High levels of resistance in the hospital setting raise the question “Is there any carbapenem resistance in the community?” In a case-control study investigating risk factors associated with carbapenem-resistant Enterobacteriaceae (CRE) colonization among patients admitted to a hospital or long-term care facility, 905 cultures were performed on 679 patients. Independent predictors for CRE colonization included Charlson score greater than 3 (OR 4.85, 95% CI 1.64–14.41), immunosuppression (OR 3.92, 95% CI 1.08–1.28), presence of indwelling devices (OR 5.21, 95% CI 1.09–2.96), and prior antimicrobial exposures (OR 3.89, 95% CI 0.71–21.47). These results can be used to identify patients at increased risk for CRE colonization at admission and to target active surveillance programs in healthcare settings [27].

The relationship between carbapenem resistance and mortality is not definitive. In the study by Bhargava et al., mortality was not statistically different between carbapenem-resistant and susceptible strains (p=0.084), which was similar to our study [27]. In the study by Hussein et al., although mortality rates of CRKP patients were significantly higher than those of CSKP patients, mortality was not connected to carbapenem resistance. In multivariate analyses, bedridden status, chronic liver disease, Charlson comorbidity index ≥5, mechanical ventilation, and hemodialysis were still associated with mortality [14]. But in another study investigating the relationship between mortality and carbapenem resistance in elderly in-patients, UTI from carbapenem-resistant pathogens was an independent risk factor for 6-month mortality, irrespective of the etiologic agent, and further studies were needed to reveal the mechanisms underlying this association [28]. In the study of Liu et al., 14-day mortality of ertapenem-susceptible KP bacteremia was lower than ertapenem non-susceptible KP bacteremia (44.0% vs. 22.0%, p=0.049) but the overall in-hospital mortality rates for these two groups were 60.0% and 40.0%, respectively (p=0.102) [16]. Mortality was also higher for patients with carbapenem-resistant K. pneumoniae infections compared with susceptible ones in another study (50.0% vs. 25.7%) [11]. KPC-producing K. pneumoniae was also found to be independently associated with in-hospital mortality (AOR 3.60, 95% CI 1.87–6.91) [21]. In a study investigating attributable-mortality of CRKP; crude mortality rate was 71.9% vs. 21.9% in case and controls, respectively (P<0.001), and attributable mortality was 50% (95% CI 15.3–98.6%).
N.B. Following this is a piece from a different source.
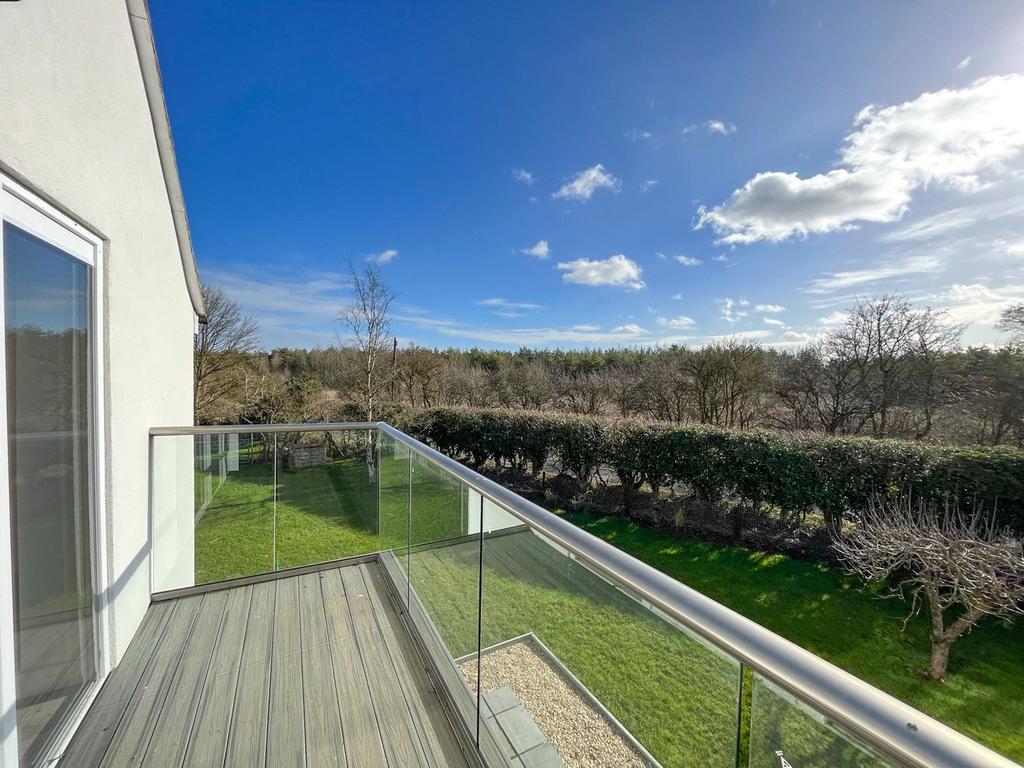 Terrace View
The mortality risk ratio was 3.3 (95% CI 2.9–28.5) for CRKP bacteremia cases. The control patients were similar except for not having bacteriemia and different controls were thought to be the reason for higher mortality [29].
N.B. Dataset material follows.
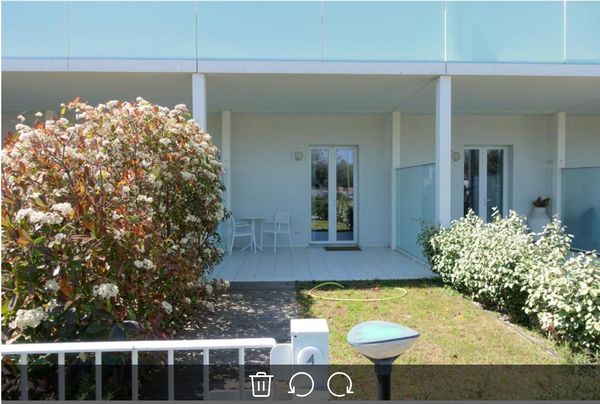 Giorgias hus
In low-income countries where there is trouble in infection control practices and antibiotic use policies, high prevalence of ESBL and carbapenem resistance seems inevitable. This causes a vicious cycle of wide-spectrum antibiotic use and consequent resistance. It is very hard to restrict the use of carbapenems because they are only option for infections caused by ESBL-positive microorganisms. At present there is no solution to this dilemma. It seems that, especially in these settings, the only solution is compliance to infection control precautions such as hand-washing, sterilization, and disinfection, as well as standard and contact precautions.
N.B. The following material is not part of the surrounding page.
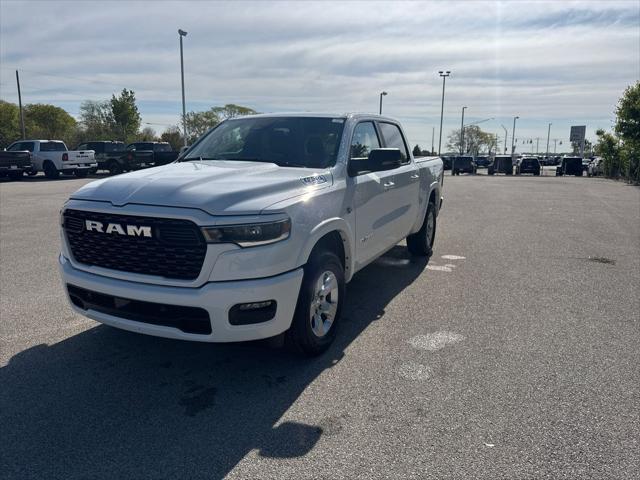 2026 Ram 1500 Big Horn Crew Cab 4x4 5'7" Box for sale in Woodville, OH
The limitations of our study are that it was performed at a single medical center, thus the results may not be representative. In addition, because it was retrospective, disease severity indexes could not be used and further evaluation of mortality could not be done.

Conclusions

The high prevalence of CRKP and the risk factors revealed in our study highlight the urgent need to develop effective strategies. Prior use of antibiotics is the main risk factor found at the majority of the studies and relevant precautions should be a priority. Limiting use of certain antimicrobials, specifically fluoroquinolones, cephalosporins, and carbapenems, along with infection control practices, may be effective strategies.